==== Data listing
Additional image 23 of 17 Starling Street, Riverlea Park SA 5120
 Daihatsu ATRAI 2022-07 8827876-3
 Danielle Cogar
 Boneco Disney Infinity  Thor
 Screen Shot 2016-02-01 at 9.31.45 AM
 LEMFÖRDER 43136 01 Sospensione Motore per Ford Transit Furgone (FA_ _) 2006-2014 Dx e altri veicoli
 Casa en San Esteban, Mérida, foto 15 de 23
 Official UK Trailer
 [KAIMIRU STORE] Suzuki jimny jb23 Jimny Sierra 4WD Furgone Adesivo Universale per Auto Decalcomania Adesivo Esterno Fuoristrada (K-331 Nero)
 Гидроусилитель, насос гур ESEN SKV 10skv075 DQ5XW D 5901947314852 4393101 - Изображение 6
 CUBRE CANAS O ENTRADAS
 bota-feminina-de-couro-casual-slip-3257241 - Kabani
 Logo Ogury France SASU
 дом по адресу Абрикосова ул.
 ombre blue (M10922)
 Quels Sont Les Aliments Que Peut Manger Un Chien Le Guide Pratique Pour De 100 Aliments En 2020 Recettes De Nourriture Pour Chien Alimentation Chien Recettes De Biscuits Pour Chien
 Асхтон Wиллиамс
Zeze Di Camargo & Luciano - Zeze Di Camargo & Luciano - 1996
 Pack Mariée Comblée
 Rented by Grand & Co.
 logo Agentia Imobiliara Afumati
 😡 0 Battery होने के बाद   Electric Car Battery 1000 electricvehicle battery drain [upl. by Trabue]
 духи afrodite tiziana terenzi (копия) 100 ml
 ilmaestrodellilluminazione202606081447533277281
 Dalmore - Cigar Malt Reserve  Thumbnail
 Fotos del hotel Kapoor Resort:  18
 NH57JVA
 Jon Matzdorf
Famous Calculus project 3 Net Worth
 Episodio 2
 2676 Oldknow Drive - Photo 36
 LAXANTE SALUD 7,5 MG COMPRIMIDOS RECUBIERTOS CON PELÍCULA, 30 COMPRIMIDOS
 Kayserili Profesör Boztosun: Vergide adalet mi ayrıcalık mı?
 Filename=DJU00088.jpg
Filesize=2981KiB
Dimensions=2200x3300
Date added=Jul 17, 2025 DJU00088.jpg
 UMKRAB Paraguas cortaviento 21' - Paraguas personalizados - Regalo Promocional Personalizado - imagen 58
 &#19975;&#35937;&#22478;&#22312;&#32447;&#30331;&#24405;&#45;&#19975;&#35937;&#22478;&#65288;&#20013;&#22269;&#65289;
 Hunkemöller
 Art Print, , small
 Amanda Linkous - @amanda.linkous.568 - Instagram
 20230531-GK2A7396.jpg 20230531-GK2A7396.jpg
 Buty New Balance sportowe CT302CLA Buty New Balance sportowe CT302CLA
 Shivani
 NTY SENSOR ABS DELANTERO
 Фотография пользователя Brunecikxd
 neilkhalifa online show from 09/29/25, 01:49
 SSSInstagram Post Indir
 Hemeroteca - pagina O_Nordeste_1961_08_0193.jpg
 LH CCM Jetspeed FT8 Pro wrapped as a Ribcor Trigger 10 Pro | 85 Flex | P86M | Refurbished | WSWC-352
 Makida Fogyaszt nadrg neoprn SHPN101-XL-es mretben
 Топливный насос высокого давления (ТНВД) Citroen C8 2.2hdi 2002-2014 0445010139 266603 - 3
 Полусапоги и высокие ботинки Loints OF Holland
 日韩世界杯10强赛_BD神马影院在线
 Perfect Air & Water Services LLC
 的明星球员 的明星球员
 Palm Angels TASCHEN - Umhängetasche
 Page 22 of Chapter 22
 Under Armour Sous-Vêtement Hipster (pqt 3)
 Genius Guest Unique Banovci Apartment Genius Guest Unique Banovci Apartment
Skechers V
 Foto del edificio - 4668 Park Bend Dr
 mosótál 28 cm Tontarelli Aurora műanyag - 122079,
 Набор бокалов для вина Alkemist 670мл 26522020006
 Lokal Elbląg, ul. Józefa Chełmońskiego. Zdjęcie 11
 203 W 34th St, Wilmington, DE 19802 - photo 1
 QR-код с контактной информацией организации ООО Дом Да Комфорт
========
Extract exactly and only the lines above from the line containing "ombre blue (M10922)" through the line containing "Hunkemöller", both end lines included.

### [Response to this task]
 ombre blue (M10922)
 Quels Sont Les Aliments Que Peut Manger Un Chien Le Guide Pratique Pour De 100 Aliments En 2020 Recettes De Nourriture Pour Chien Alimentation Chien Recettes De Biscuits Pour Chien
 Асхтон Wиллиамс
Zeze Di Camargo & Luciano - Zeze Di Camargo & Luciano - 1996
 Pack Mariée Comblée
 Rented by Grand & Co.
 logo Agentia Imobiliara Afumati
 😡 0 Battery होने के बाद   Electric Car Battery 1000 electricvehicle battery drain [upl. by Trabue]
 духи afrodite tiziana terenzi (копия) 100 ml
 ilmaestrodellilluminazione202606081447533277281
 Dalmore - Cigar Malt Reserve  Thumbnail
 Fotos del hotel Kapoor Resort:  18
 NH57JVA
 Jon Matzdorf
Famous Calculus project 3 Net Worth
 Episodio 2
 2676 Oldknow Drive - Photo 36
 LAXANTE SALUD 7,5 MG COMPRIMIDOS RECUBIERTOS CON PELÍCULA, 30 COMPRIMIDOS
 Kayserili Profesör Boztosun: Vergide adalet mi ayrıcalık mı?
 Filename=DJU00088.jpg
Filesize=2981KiB
Dimensions=2200x3300
Date added=Jul 17, 2025 DJU00088.jpg
 UMKRAB Paraguas cortaviento 21' - Paraguas personalizados - Regalo Promocional Personalizado - imagen 58
 &#19975;&#35937;&#22478;&#22312;&#32447;&#30331;&#24405;&#45;&#19975;&#35937;&#22478;&#65288;&#20013;&#22269;&#65289;
 Hunkemöller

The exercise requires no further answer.